With the abdication of President Siad Barre in 1989, the country of Somalia was thrown in a state of anarchy. The country is currently ruled by a series of warlords each holding a small section of the country. The rival factions have been at war with each other since the mid-eighties and a mission by the United Nations to stabilize the country has now ended in apparent

political failure. The war led to a serious famine that was solved by the intervention. Less publicized was the exploitation of the

Somalian crisis by firms who specialize in the disposal of hazardous waste.

 

In the fall of 1992 reports began to appear in the international media concerning unnamed European firms that were illegally dumping waste in Somalia. By most reports, several

thousand tons of waste, mostly processed industrial waste, had already been dumped there. It was also reported that waste was seen being dumped off the Somali coast into the Indian Ocean. To further compound the country's environmental problems, a storage

facility in northern Somalia filled with pesticides had been destroyed during the war. The spilt chemicals and resulting fire

poisoned one of the few sources of drinking water in the famine ravaged country.

 

What caused controversy in 1992, however, was reports of a contract established between a Swiss firm, Achair Partners, and an

Italian firm, Progresso, with Nur Elmy Osman, who claimed to be the Somali Minister of Health under an interim government headed by Ali

Mahdi Muhammad. Osman had been a health official in the Barre government, but allegedly was no longer recognized as a government

official by Ali Mahdi.
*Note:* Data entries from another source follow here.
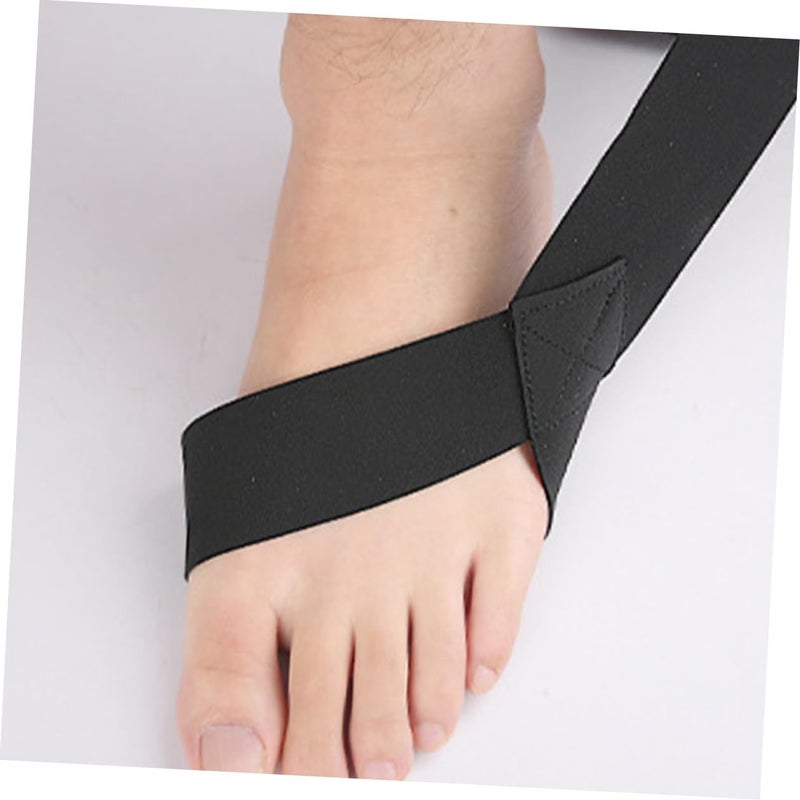جورب دعم الكاحل خفيف الوزن مع دعامة ضغط للرياضة والجري وكرة السابل تصميم متين غير قابل للانزلاق مناسب ومريح لكلا الجنسين - Image 5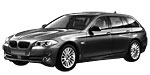 BMW F11 B2865 Fault Code
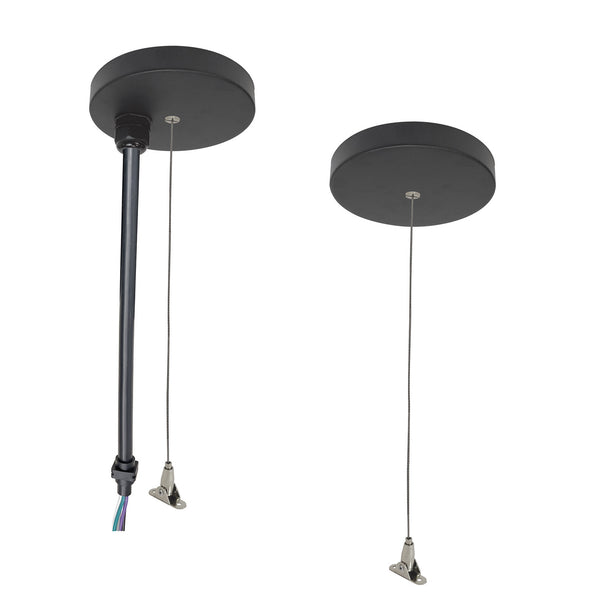 Linear Pendant by Nora Lighting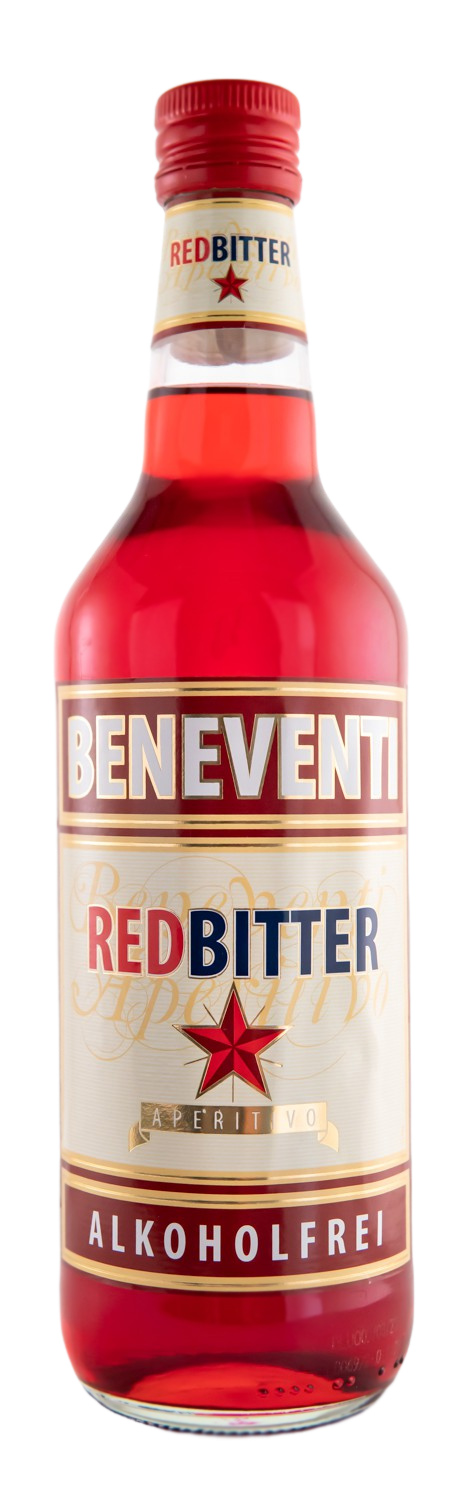 Red Bitter bezalkoholowy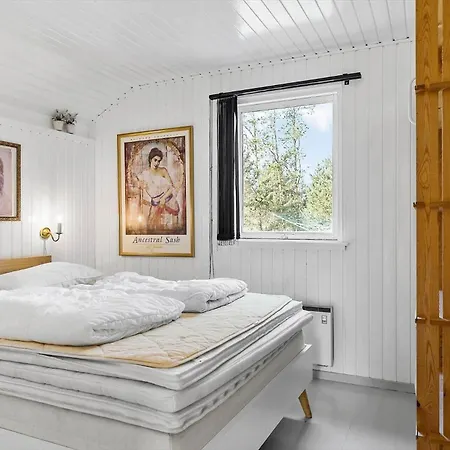 Tv1077-bindslev-gronspaettevej-4 別荘 Bindslev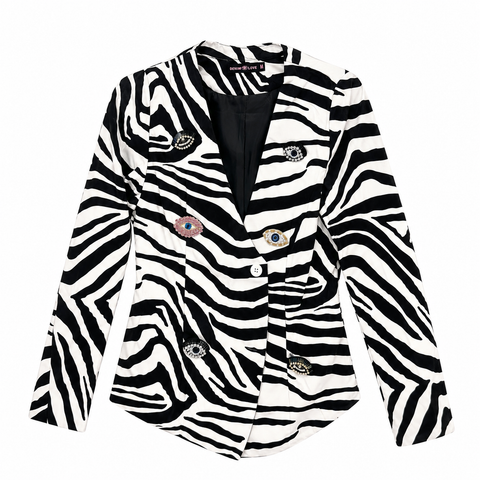 Zaya Zebra Jacket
Osman had supposedly entered into an $80 million contract in December of 1991, whereby the two firms would

be allowed to build a 10 million ton storage facility for hazardous waste. The waste would first be burned in an incinerator to be

built on the same site and then stored in the facility at the rate of 500,000 tons a year.

 

Reports of the alleged contract outraged the world community. The United Nations Environment Programme (UNEP) investigated the

matter at the urging of Somalia's neighbors and the Swiss and Italian governments. What ensued was a period of accusations as both firms denied entering into any agreement, Osman denied signing

any contract and the Swiss and Italian governments said they had no knowledge of the two firms activities.

 

As a result of the UNEP's investigation, the contract was declared null and the facility was never built. Still it became apparent to the UNEP's director Dr. Mustafa Tolba that the firms of Achair Partners and Progresso were set up specifically as

fictitious companies by larger industrial firms to dispose of hazardous waste. At one point Dr. Tolba declared that the UNEP was

dealing with a mafia.

 

Beyond the obvious ethical question of trying to coerce a

hazardous waste agreement out of an unstable country like Somalia,

the attempt by Swiss and Italian firms to dump waste in Somalia

violates international treaties to which both countries are

signatories. Switzerland has signed and ratified the Basel Convention on the Control of Transboundary Movements of Hazardous

Wastes and their Disposal (see BASEL case). Somalia and Italy have not signed the Basel Convention. The Basel Convention prohibits

(among other things) waste trade between countries that have signed the Convention and countries that have not signed the Convention

unless a bilateral waste agreement has been negotiated. Somalia and Switzerland had no such bilateral agreement. The Basel Convention also prohibits shipping hazardous waste to a war zone.

 

Although not a signatory to the Basel Convention, Italy has

signed the fourth Lome Convention. It is the only country in Europe to do so. Italy signed the Lome Convention in order to "prove" its good intentions with regard to the disposal hazardous

waste. No reason is given for Italy's failure to sign the Basel Convention (see NIGERIA case). Article 39 of the Lome Convention

clearly prohibits the export of waste to Africa as well as the Caribbean and the Pacific.